Build a threat library based upon attackers’ likely motives.
Build an attack library that realizes the motives in your threat library.
Determine the success of these attack patterns via security research or manual pen testing.
Threat Modelling USPS
Tony walks through threat modelling the U.S. Postal Service (USPS), including several of the large sorting devices they use. See slides 13 - 18 for more details.
You can’t cover every attack, focus on the ones that are most likely based on evidence and data.
Tony believes attack trees are more useful than data flow diagrams (DFDs) for threat modeling, as they make potential attack paths concrete.
Given these attack trees, you can then do a probabilistic analysis of the viability of each path. For example, if many of the vulns relate to denial-of-service, and the attacker’s goal is to cost the company money, then these paths could enable an attacker to realize that goal.
The Danger of Testimonials
One clever OSINT vector Tony points out is testimonials, the brief blurbs busineses have on their sites in which customers promote a product.
If you have developed exploits for a given hardware or software provider, you can use testimonials to determine who uses the vulnerable product.

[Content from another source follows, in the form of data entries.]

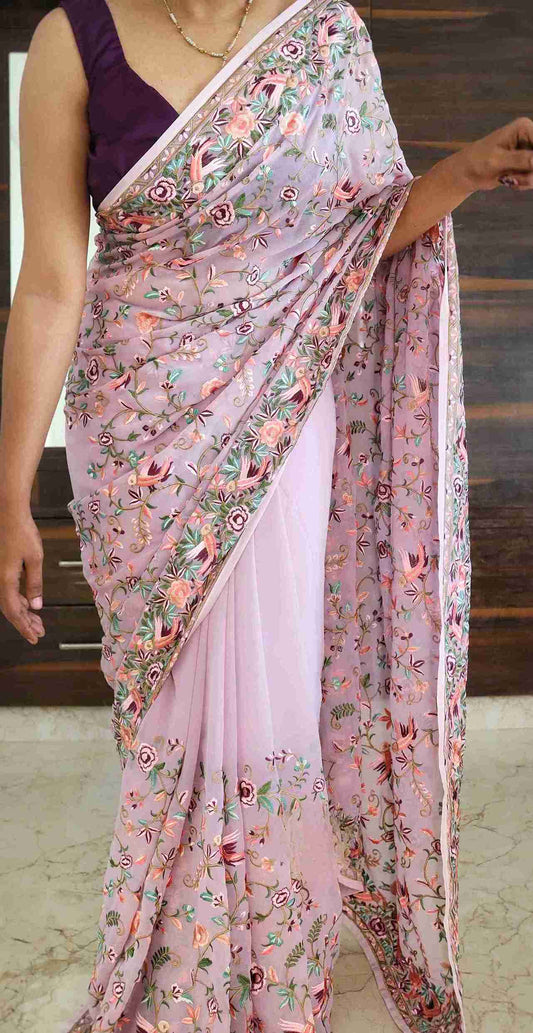 Parsi Work Georgette Sarees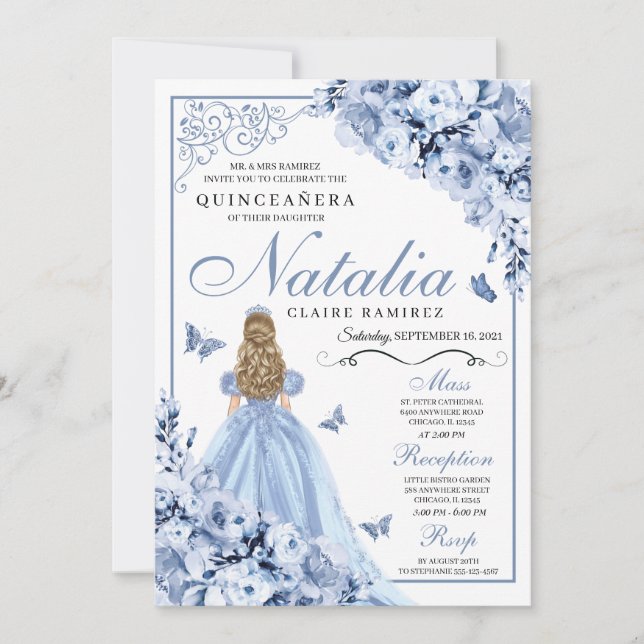 Dusty Blue Floral Quinceanera Birthday Invitation (Front)
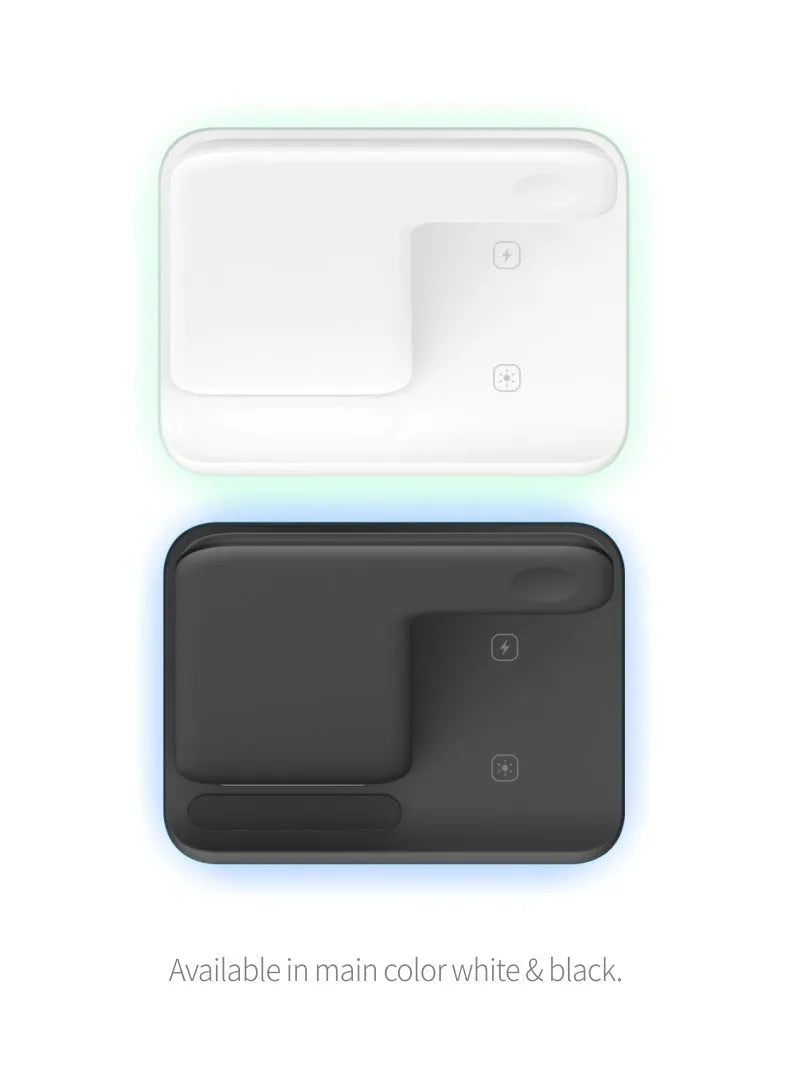 White 15W three-in-one wireless charging stand for mobile phone, smartwatch and headset on a desk.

If you’re targeting a specific company, you can review the websites of product companies who tend to serve the target’s vertical to see which vendors and potentially even the specific products the target company uses.
Job postings can similarly reveal the technologies and products a company uses.
Examining the trust boundaries between layers, components, and supply chain providers. Getting in to the control level is great for repudiation. (Click to enlarge)
Probability = event / outcome
What events have actually occurred in the threat model you’re building, and what were their outcomes?
Attack Surface as a Service
Similar to aggregating compromised PII into a marketplace, there are already marketplaces for companies’ vulnerabilities and attack surfaces - the people they employ and their roles, the software the company uses, their domains/IPs/etc. Government groups and private hacker syndicates for hire are the most mature in this area.